The cervix is the lower, narrow section of the uterus that leads into the vagina. In a woman who is not pregnant, the cervix remains small and only serves to release menstrual blood and allow sperm to enter the uterus for potential impregnation. When a woman does become pregnant, the cervix releases secretions and forms a “mucus plug,” a kind of barrier that seals up the cervix.
Throughout a regular pregnancy, the cervix stays in this closed, narrow position until the end of the third trimester. As time for the birth gets closer, the cervix starts to get soft, grow shorter and also expand as the body naturally prepares itself for childbirth. Though if you have a weak cervix in pregnancy, you have what is called cervical insufficiency.
What Is Cervical Insufficiency?
When you have cervical insufficiency, that means the cervix has started the phase of softening and opening up prematurely. If this happens too early, it can cause you to go into labor far too soon, usually between 16 and 24 weeks. This typically causes a woman to have a miscarriage or a baby born very prematurely who may be sick. Thankfully, cervical insufficiency is quite rare and typically only happens in about one out of every 100 pregnancies. But it is worth knowing who is at risk for cervical insufficiency and how to prevent the tragic consequences of the disorder going undiagnosed.
You may be more at risk for cervical insufficiency if you:
Have had a cone biopsy/LEEP done: A cone biopsy is a type of cervical biopsy that is done to remove abnormal cervical cells that could lead to cancer. A LEEP also removes abnormal cells by using a thin wire loop that is carrying an electrical current.
Had a previous cervical injury: This may include damage done during a previous birth, miscarriage or other procedure.
Had previous miscarriages in the first or second trimester or spontaneous premature deliveries.

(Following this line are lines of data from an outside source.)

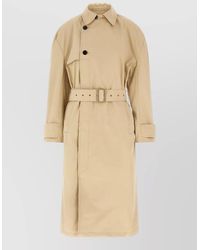 Entire studios - Trench Coat Belted Waist Long Length - Lyst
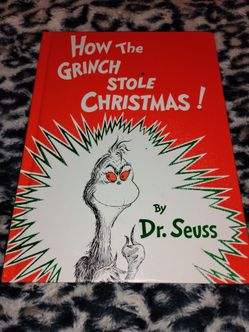 How the Grinch Stole Christmas by Dr. Seuss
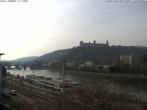 Archiv Foto Webcam Würzburg - Festung Marienberg 09:00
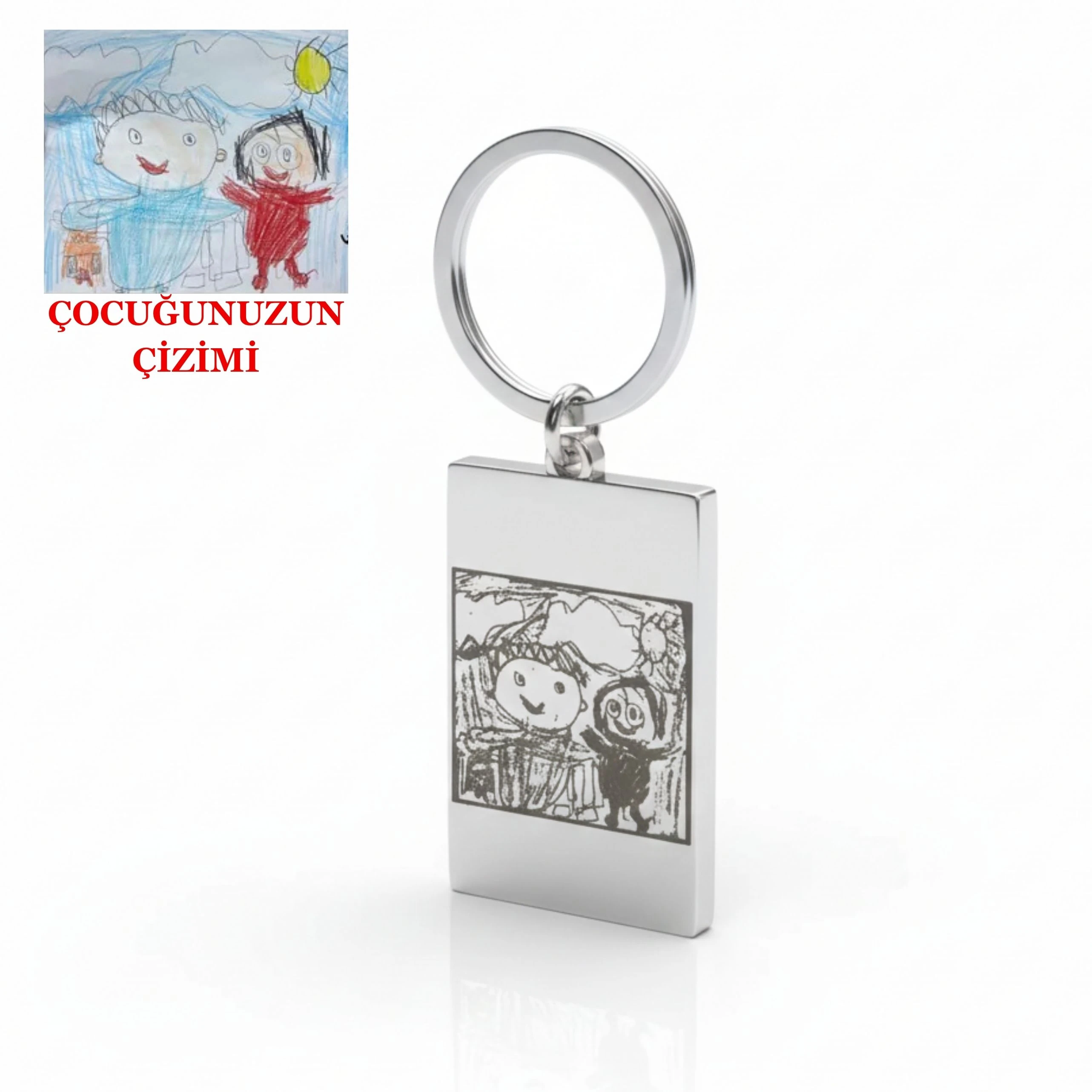 Sen Tasarla Anahtarlık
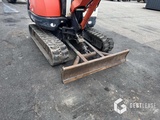 Minituur van Kubota Series-KX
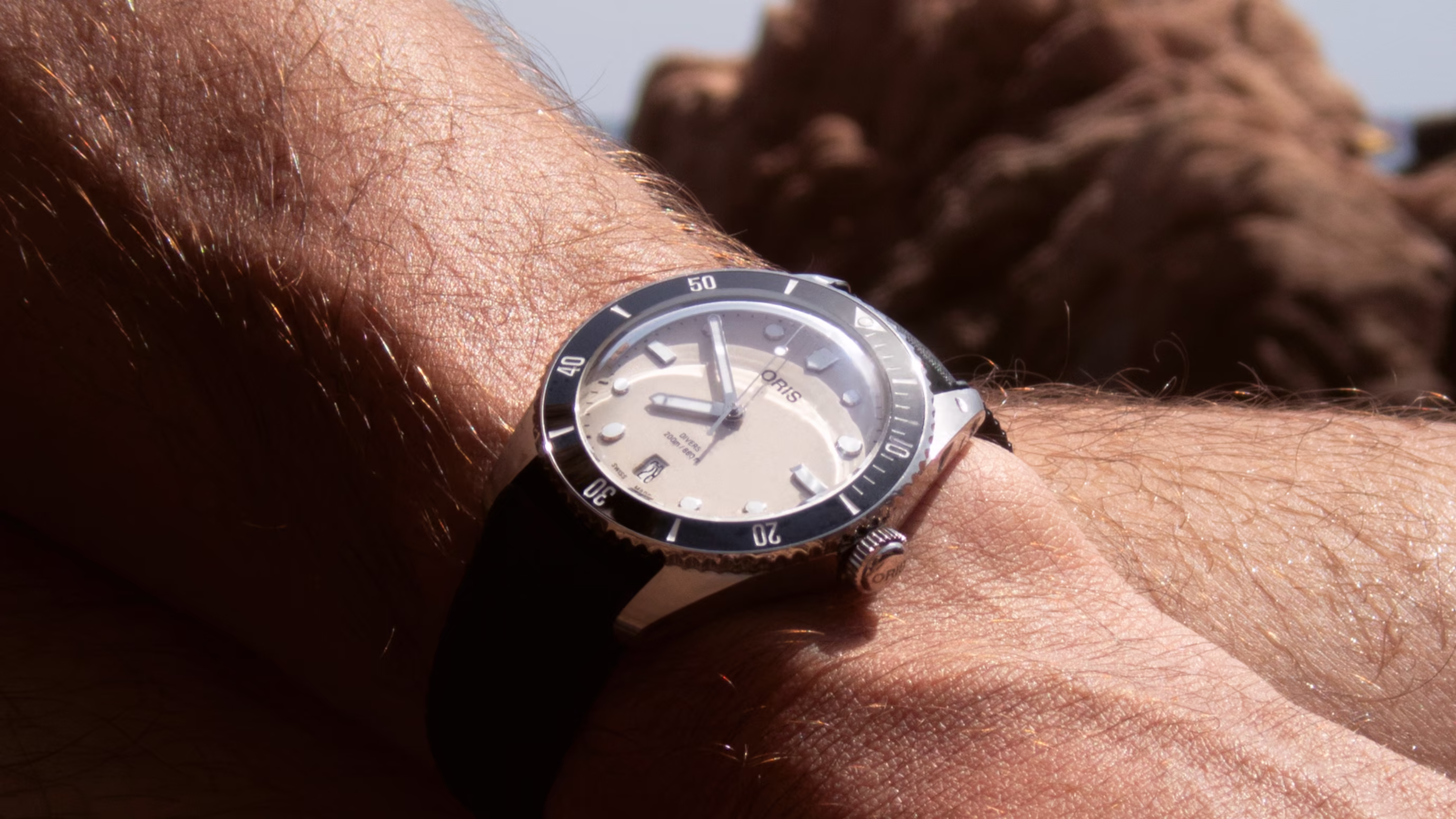 Oris men's watch Divers Sixty-Five 01 733 7795 4051 set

Have a uterine abnormality: A bicornuate uterus, where the uterus that has two horns and a heart shape, can also affect the cervix.
Have had cervical sufficiency in past pregnancies.

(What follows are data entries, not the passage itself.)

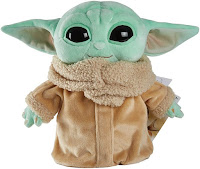 Baby Yoda doll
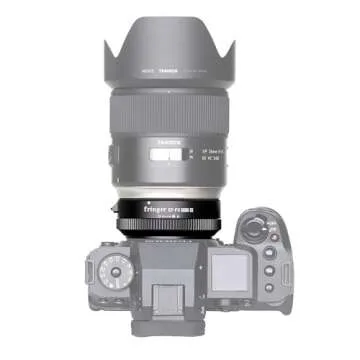 Fringer EF-FX PRO II Fuji Canon EF to Fuji X Adapter Autofocus Compatible with Canon EOS EF Lens to Fuji X Mount X-T4 X-T3 XT2 XT20 XH1 X100V X-H X-T X-PRO X-T30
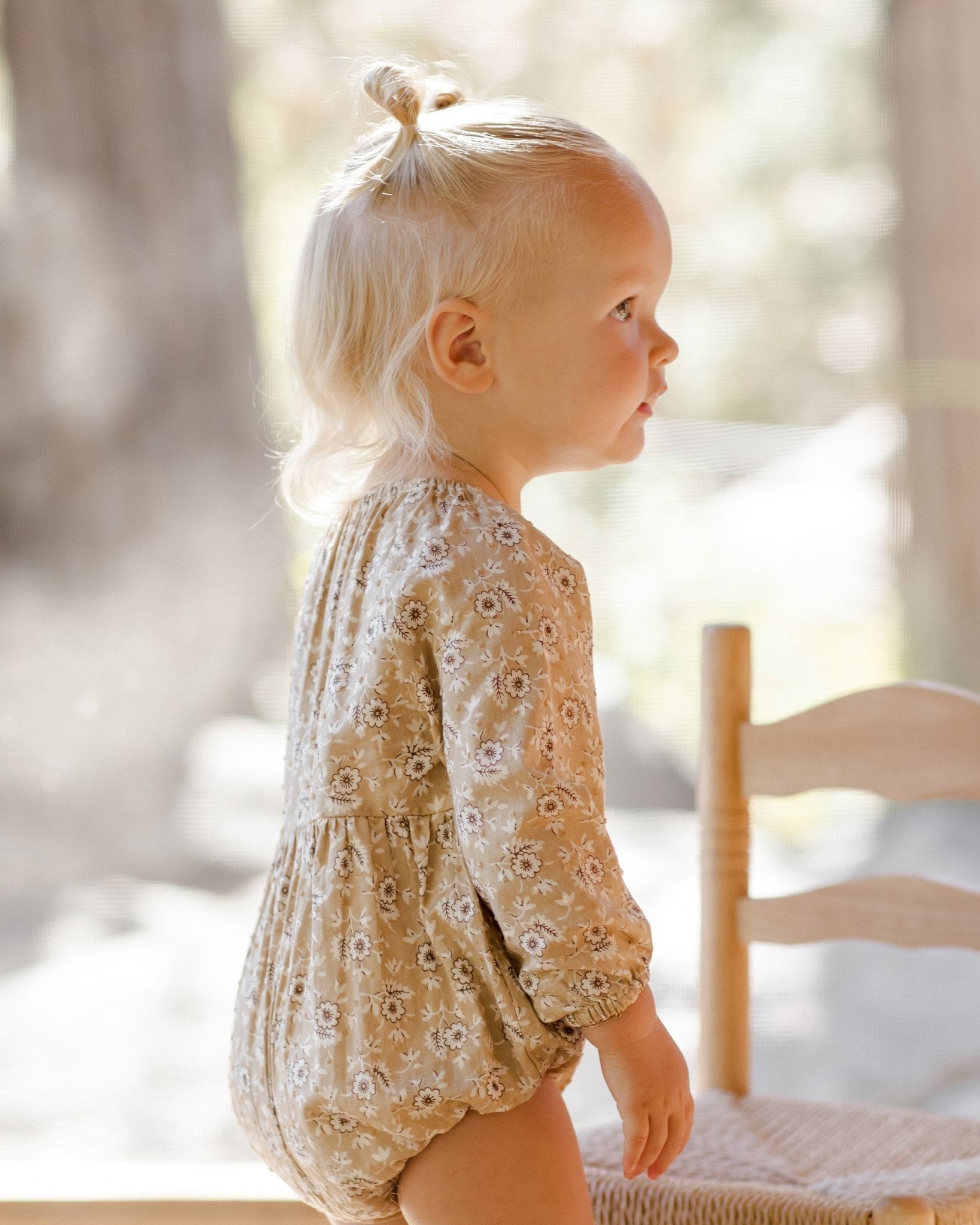 Long Sleeve Bubble Romper Golden Fields Rylee Cru Canada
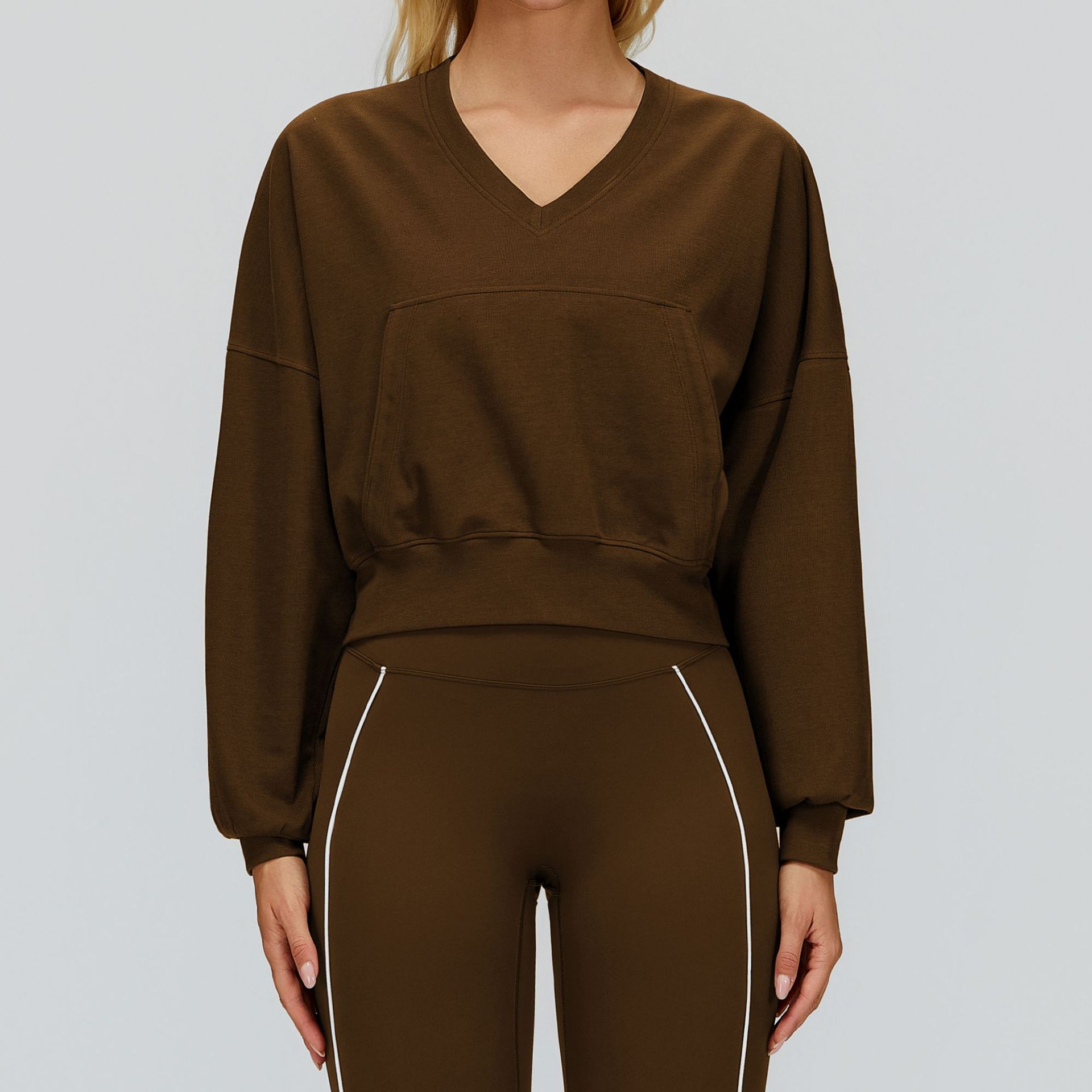 Hooded Warm And Windproof Sweatshirt EWY2501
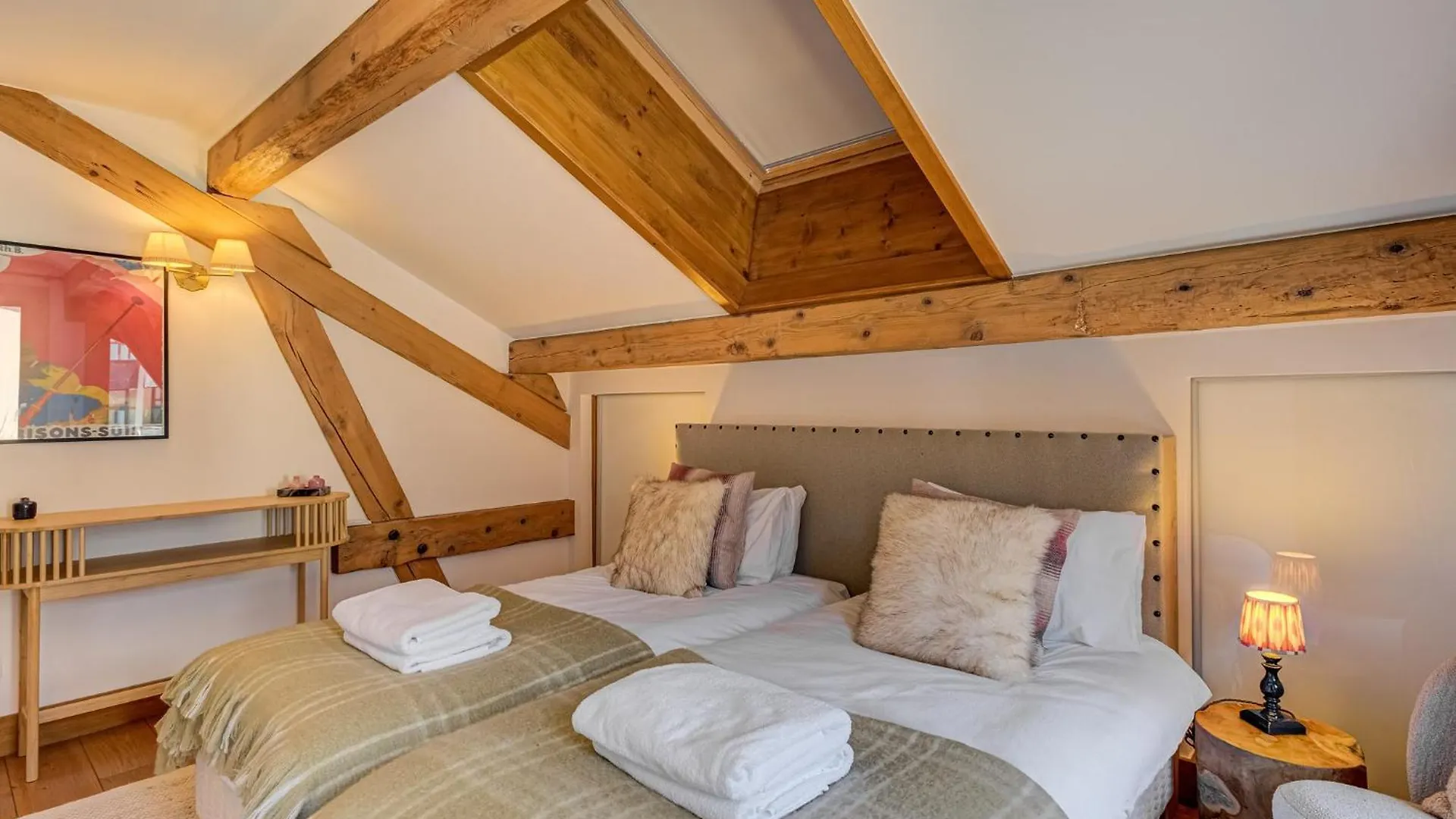 Les Melees Apartments - Alpes Travel - Argentiere Chamonix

How to Know If You Have Cervical Insufficiency
If you have a weak cervix in pregnancy, it is possible that you will not have any warning signs or symptoms as your cervix starts to weaken and dilate. But you may experience some slight pain or discomfort, or have some spotting as the cervix does start to open up. This may happen over a few days or weeks, and start between 14 and 20 weeks. The more warning signs include:
● Pressure in the pelvic area
● Back pain
● Slight stomach cramps
● A difference in vaginal discharge
● Mild vaginal bleeding
Cervical insufficiency is not something that your doctor will look for in a routine pregnancy checkup, so unfortunately it does not usually get diagnosed until a miscarriage in the second or third trimester has already occurred. If a woman has one of the risk factors for a weak cervix in pregnancy as listed above, they'd better be examined before getting pregnant or in the very early stages of pregnancy with an ultrasound or a pelvic exam performed by a doctor. Ultrasounds are able to measure the length of the cervix and how wide of a cervical opening there is. Pelvic exams let the doctor examine the cervix themselves and can tell if there is any type of softening or opening happening.

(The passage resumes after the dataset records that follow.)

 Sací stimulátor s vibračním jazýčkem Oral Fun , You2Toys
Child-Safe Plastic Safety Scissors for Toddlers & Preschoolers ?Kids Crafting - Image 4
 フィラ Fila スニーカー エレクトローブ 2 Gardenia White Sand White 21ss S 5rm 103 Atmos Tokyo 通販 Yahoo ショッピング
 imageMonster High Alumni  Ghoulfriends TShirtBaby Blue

How to Deal With Cervical Insufficiency
If you are someone with a history of multiple premature births, your doctor may want you to receive weekly injections of a type of progesterone called hydroxyprogesterone caproate throughout your second trimester, which has been shown to reduce the risk of premature births. Research is still being done on this artificial hormone, and it has been shown to not be helpful in pregnancies with twins or more.
For women with a history of miscarriages, preterm births or previous cervical injuries, your doctor will likely want to perform ultrasounds on a more frequent basis. This may mean an ultrasound every two weeks starting at week 15 through week 24 of your pregnancy. This way, your doctor can tell if you have a weak cervix in pregnancy and perform steps to prevent a possible miscarriage or preterm birth.
If you have a history of miscarriages and preterm births and are still less than 24 weeks pregnant, a procedure called a cervical cerclage could help prevent the outcomes of a cervical insufficiency. In a cervical cerclage, the cervix is closed with strong stitches that are removed during the last month of pregnancy or when labor starts. This procedure may even be done earlier if you’ve had multiple premature births. A cervical cerclage is not recommended for women carrying twins or more babies.
Though there is no clinical research showing the effectiveness of bed rest in reducing the chances for early birth in women with cervical insufficiency, it may be another prevention method recommended by your doctor as a safeguard. Bed rest can mean anything from sitting or lying down at all times to mostly sitting and lying down with occasional sedentary activity.
These types of exercises help to strengthen your pelvic floor muscles. While also not scientifically proven effective, they can help ease vaginal birth and make post-birth recovery quicker. For practice, clench your muscles while you are urinating to stop the flow, and then release.